■ Input data
= = =

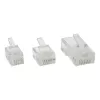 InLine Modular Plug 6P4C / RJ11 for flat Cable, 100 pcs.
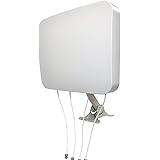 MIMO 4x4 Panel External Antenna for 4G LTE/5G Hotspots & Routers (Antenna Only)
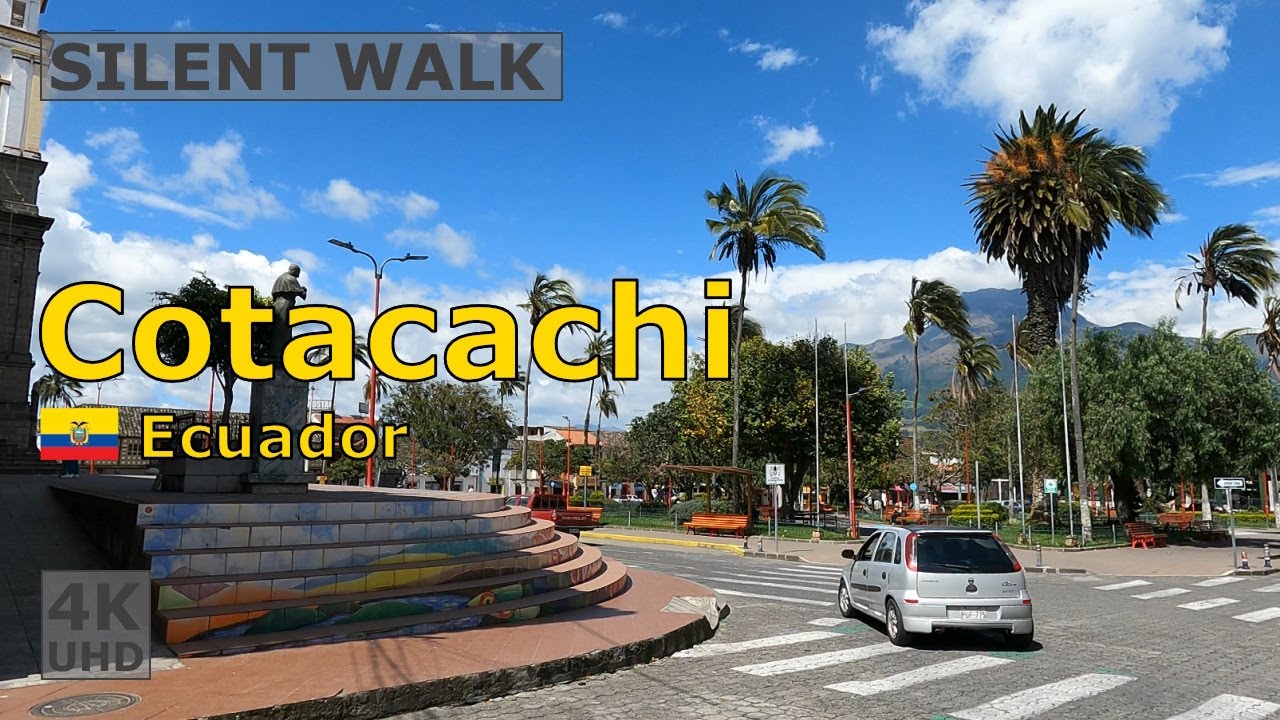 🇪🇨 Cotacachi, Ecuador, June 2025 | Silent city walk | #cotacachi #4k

= = =

■ Exercise requirements
Begin at the line with "MIMO 4x4 Panel" and end at the last line of the data above. Reproduce those lines exactly, but not the pictures.

■ Written solution
 MIMO 4x4 Panel External Antenna for 4G LTE/5G Hotspots & Routers (Antenna Only)
 🇪🇨 Cotacachi, Ecuador, June 2025 | Silent city walk | #cotacachi #4k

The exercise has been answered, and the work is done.